Roots: \(z = 1, -1, 3, -2\)

Glossary of Terms

Polynomial
An expression consisting of variables and coefficients using only addition, subtraction, multiplication, and non-negative integer exponents
Degree
The highest power of the variable in a polynomial
Coefficient
The numerical factor in a term of a polynomial
Root (or Zero)
A value of the variable that makes the polynomial equal to zero
Multiplicity
The number of times a particular root appears in the factorization of a polynomial
Discriminant
For a quadratic polynomial \(az^2 + bz + c\), the value \(b^2 - 4ac\) that determines the nature of the roots
Factor
A polynomial that divides another polynomial with zero remainder
Division Algorithm
A method for dividing one polynomial by another to obtain a quotient and remainder
Taylor Polynomial
A polynomial approximation of a function based on its derivatives at a specific point
Transfer Function
A mathematical representation of the relationship between input and output of a system, often expressed as a ratio of polynomials

Conclusion

Polynomials are powerful mathematical tools with applications across various engineering disciplines. From representing transfer functions in control systems to approximating complex behaviors through Taylor polynomials, they provide a foundation for much of mathematical modeling in engineering.

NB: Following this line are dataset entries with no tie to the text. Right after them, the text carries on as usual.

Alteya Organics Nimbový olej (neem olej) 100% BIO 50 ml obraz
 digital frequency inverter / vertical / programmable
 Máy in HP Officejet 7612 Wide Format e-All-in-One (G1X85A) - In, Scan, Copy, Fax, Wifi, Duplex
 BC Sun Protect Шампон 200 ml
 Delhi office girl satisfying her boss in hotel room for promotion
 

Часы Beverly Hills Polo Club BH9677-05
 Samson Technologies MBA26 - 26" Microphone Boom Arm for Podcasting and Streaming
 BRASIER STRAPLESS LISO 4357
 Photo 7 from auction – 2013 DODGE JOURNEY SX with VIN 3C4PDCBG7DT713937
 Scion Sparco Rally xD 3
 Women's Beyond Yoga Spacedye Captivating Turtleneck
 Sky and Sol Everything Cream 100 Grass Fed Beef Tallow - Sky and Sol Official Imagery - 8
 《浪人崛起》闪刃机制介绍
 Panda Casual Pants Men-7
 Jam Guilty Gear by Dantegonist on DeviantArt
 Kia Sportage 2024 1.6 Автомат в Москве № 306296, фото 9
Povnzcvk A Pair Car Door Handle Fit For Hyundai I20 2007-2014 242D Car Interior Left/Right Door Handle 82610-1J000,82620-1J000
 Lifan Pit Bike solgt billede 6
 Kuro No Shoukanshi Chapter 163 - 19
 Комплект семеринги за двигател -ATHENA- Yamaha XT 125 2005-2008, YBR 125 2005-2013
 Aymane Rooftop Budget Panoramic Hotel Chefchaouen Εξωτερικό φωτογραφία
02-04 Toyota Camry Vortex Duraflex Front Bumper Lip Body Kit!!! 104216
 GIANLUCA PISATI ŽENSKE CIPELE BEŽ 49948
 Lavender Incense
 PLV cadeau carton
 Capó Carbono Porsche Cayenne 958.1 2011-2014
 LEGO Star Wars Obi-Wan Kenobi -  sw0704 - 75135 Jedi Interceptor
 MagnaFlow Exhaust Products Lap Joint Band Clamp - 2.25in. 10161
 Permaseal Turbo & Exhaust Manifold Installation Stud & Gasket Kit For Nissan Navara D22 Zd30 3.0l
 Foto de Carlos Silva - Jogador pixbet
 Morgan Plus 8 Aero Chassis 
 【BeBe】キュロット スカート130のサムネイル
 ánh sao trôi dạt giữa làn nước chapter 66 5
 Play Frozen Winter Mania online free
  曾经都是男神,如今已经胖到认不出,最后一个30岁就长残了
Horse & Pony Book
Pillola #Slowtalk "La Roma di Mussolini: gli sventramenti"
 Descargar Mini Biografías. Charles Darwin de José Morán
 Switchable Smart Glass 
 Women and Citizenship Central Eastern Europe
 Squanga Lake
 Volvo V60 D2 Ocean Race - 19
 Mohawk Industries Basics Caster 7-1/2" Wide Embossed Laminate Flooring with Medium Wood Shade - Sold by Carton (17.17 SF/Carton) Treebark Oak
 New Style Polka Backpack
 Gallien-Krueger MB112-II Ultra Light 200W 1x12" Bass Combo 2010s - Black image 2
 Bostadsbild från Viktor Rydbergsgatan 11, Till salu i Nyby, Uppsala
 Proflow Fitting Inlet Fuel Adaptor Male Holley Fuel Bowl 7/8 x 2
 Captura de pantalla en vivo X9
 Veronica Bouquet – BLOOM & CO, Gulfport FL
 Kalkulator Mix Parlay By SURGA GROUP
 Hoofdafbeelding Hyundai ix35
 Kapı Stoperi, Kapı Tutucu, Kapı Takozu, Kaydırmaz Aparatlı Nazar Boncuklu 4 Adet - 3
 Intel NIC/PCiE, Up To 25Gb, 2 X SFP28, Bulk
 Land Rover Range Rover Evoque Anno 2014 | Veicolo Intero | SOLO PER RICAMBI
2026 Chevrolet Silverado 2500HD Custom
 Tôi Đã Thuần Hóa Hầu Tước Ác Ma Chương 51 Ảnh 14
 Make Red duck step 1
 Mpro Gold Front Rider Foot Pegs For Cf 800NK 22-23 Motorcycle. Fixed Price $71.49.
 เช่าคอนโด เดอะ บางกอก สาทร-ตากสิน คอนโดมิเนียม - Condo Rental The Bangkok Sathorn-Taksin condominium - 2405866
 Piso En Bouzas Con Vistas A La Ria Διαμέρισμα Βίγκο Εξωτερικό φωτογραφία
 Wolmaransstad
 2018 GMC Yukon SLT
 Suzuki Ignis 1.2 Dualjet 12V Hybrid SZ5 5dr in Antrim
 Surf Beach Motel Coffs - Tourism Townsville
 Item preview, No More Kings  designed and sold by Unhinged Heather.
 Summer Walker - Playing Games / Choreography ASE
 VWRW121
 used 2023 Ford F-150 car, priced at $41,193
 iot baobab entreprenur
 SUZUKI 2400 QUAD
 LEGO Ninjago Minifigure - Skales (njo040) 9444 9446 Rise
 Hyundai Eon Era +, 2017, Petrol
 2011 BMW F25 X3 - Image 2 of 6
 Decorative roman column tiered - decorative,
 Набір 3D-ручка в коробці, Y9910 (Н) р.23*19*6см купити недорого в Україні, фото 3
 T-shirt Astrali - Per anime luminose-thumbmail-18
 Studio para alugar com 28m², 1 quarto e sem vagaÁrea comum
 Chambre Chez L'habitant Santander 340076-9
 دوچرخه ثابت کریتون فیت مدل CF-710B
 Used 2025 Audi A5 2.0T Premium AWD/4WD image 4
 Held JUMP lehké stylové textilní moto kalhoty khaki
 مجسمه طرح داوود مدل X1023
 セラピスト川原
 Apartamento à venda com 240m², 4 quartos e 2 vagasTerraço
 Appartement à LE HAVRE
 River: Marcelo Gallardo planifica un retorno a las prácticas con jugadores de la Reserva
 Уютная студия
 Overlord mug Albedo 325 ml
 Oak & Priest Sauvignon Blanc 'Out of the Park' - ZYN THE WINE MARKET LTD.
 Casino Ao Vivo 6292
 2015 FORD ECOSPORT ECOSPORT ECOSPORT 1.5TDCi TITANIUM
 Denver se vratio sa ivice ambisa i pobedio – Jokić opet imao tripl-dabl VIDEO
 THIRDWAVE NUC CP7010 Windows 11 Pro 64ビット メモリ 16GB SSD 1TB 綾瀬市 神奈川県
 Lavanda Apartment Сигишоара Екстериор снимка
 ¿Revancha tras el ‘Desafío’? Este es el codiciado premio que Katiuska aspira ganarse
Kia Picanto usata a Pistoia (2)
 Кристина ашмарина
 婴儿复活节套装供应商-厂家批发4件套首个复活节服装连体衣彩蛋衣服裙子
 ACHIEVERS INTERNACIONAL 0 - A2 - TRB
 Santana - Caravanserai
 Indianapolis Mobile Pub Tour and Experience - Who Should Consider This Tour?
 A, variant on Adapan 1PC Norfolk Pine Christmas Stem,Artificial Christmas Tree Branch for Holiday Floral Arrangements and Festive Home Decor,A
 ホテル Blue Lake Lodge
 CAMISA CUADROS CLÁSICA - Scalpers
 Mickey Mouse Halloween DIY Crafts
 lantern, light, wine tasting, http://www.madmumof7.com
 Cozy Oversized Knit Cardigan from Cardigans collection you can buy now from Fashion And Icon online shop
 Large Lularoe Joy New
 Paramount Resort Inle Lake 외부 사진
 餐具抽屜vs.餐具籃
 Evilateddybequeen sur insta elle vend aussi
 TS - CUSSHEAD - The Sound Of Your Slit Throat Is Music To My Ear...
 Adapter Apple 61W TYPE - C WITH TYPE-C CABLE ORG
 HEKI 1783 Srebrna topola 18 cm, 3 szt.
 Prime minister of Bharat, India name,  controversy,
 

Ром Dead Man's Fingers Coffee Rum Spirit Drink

Understanding the properties of polynomials, especially their roots and factorization methods, enables engineers to analyze system behavior, stability, and response characteristics. This knowledge is essential for designing and optimizing systems in electrical, mechanical, and other engineering fields.